#### Data section:
-=-=-
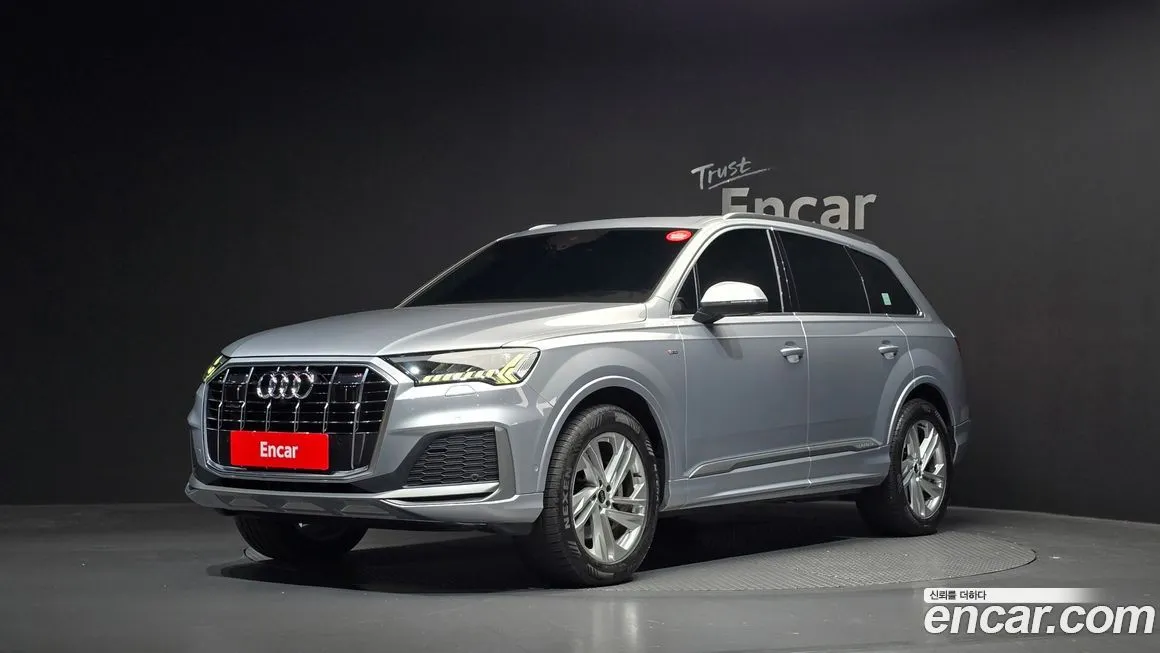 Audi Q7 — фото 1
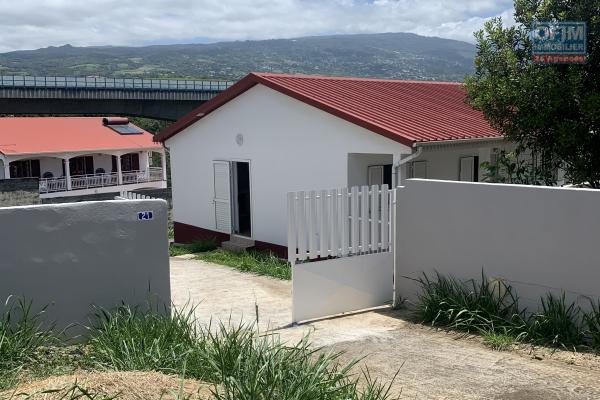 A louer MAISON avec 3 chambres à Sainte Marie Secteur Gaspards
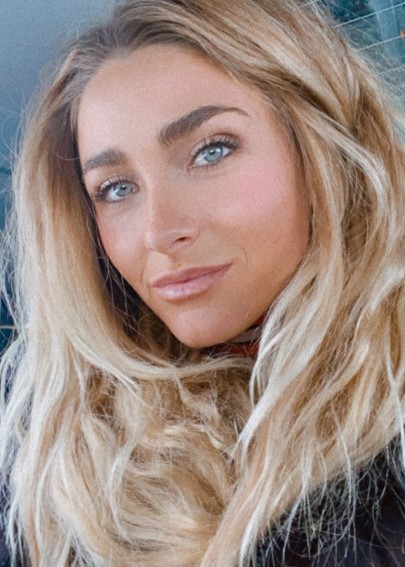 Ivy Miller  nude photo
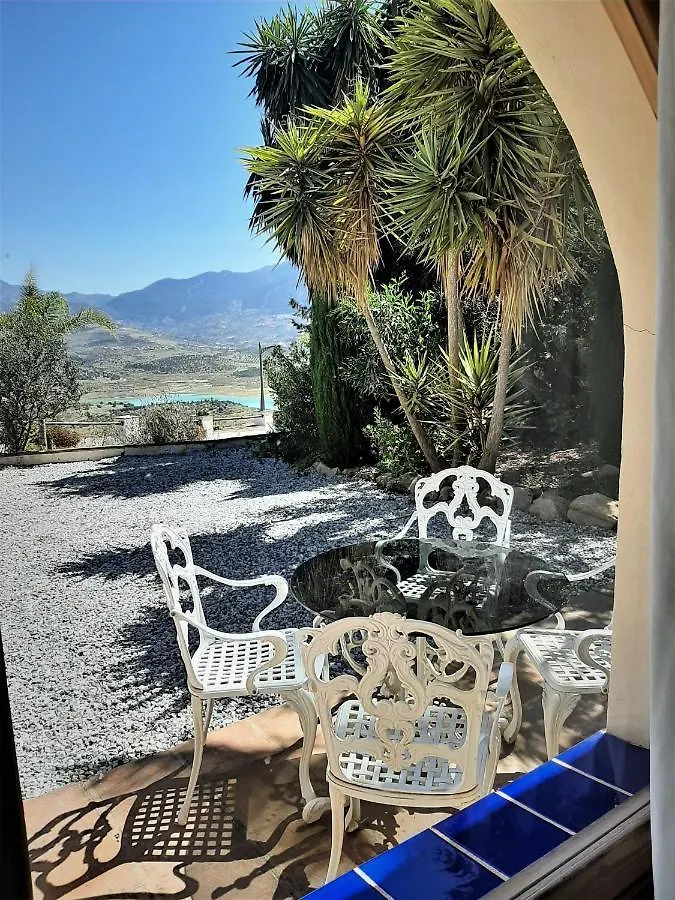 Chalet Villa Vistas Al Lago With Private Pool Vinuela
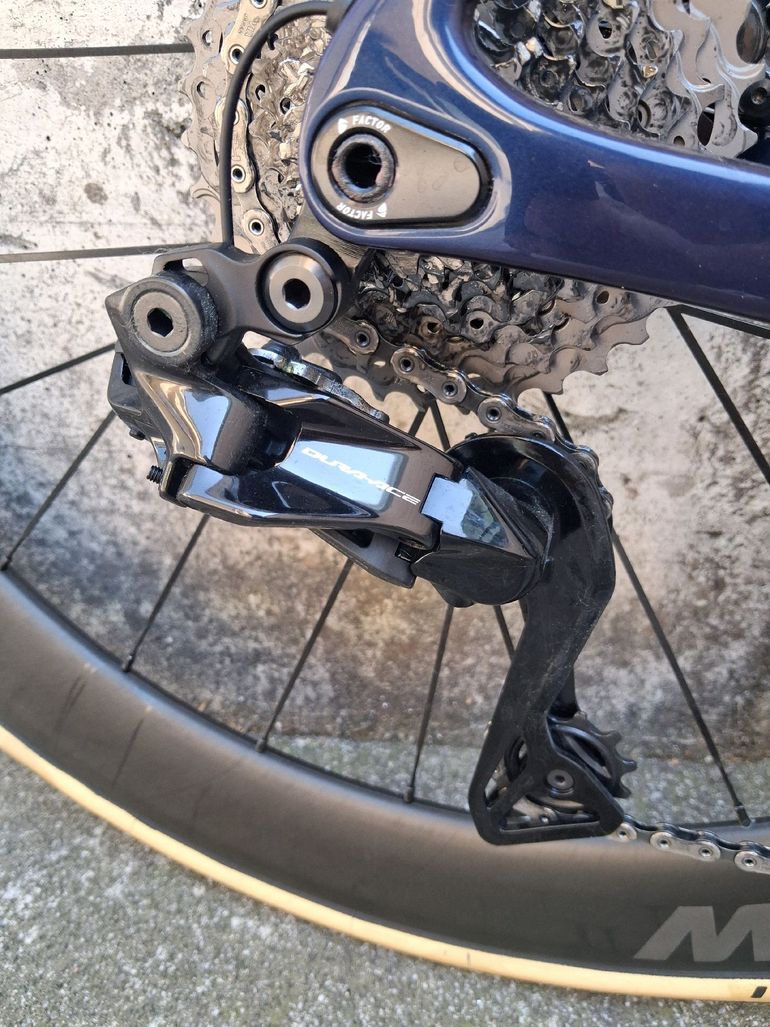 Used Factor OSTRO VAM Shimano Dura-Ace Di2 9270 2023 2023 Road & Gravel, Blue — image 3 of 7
-=-=-
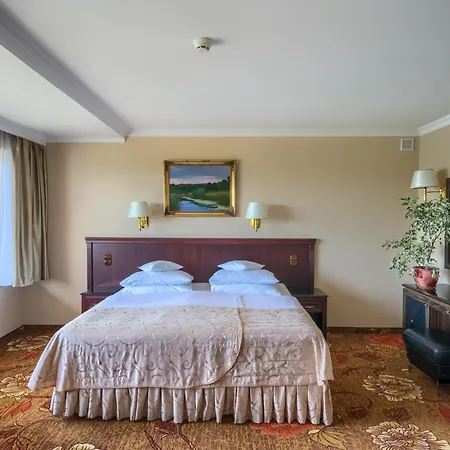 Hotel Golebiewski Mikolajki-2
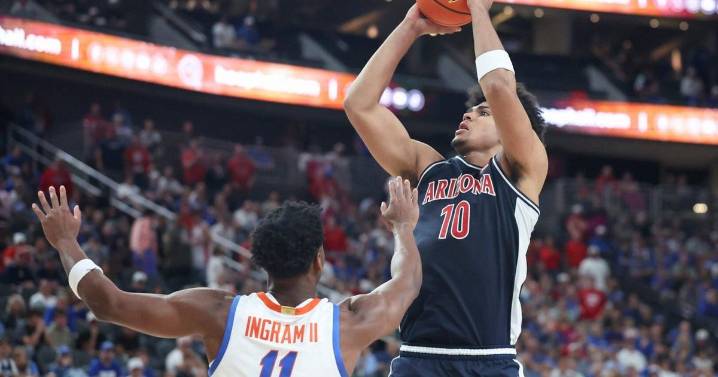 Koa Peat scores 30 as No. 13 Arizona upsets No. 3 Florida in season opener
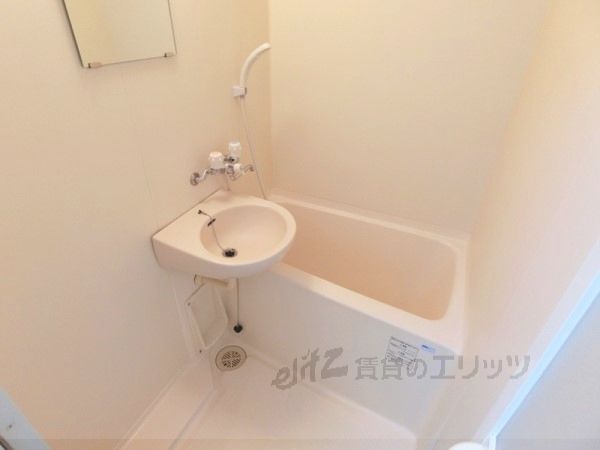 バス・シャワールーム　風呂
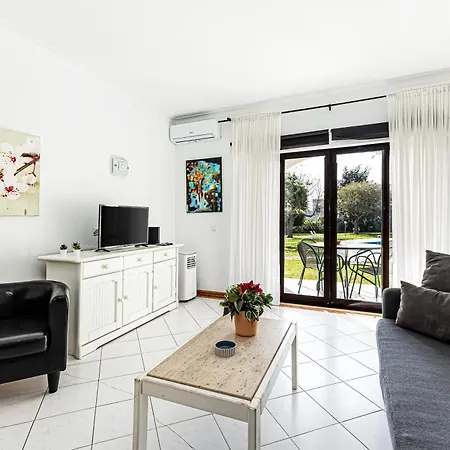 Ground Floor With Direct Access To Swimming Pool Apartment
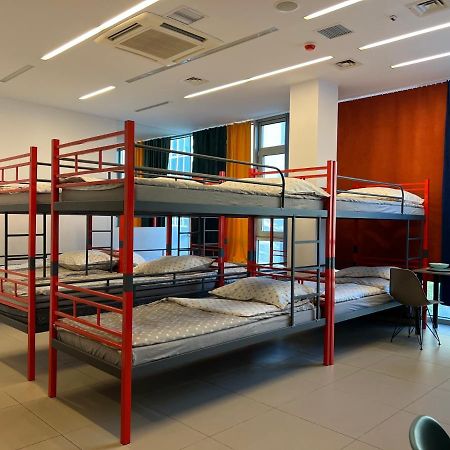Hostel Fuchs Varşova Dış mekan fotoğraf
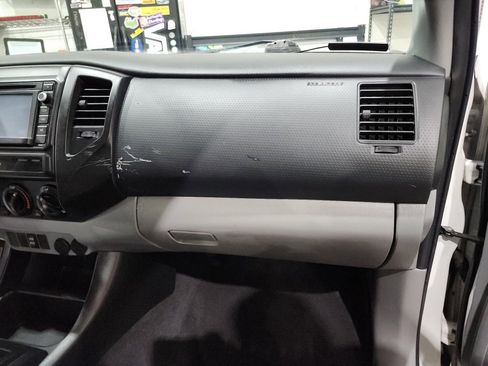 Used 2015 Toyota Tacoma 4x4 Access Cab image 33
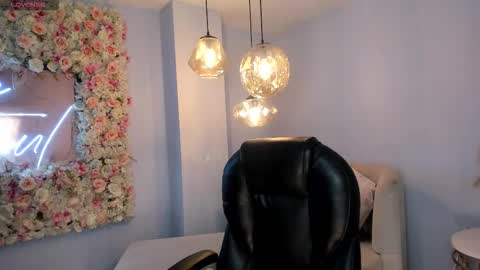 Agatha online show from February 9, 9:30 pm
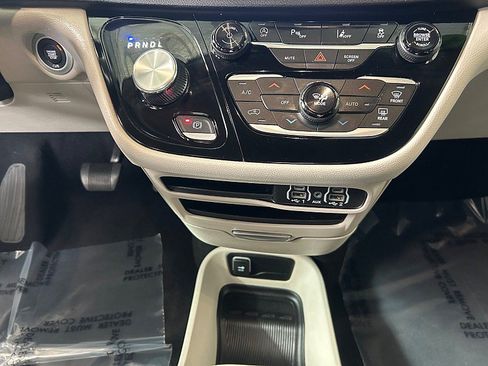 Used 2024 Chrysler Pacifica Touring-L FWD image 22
-=-=-
#### Requirement:
Repeat exactly the lines above, from the line that contains "Used 2015 Toyota" down through the line that contains "Used 2024 Chrysler". Include both of those lines and none of the pictures.

#### Output for this task:
 Used 2015 Toyota Tacoma 4x4 Access Cab image 33
 Agatha online show from February 9, 9:30 pm
 Used 2024 Chrysler Pacifica Touring-L FWD image 22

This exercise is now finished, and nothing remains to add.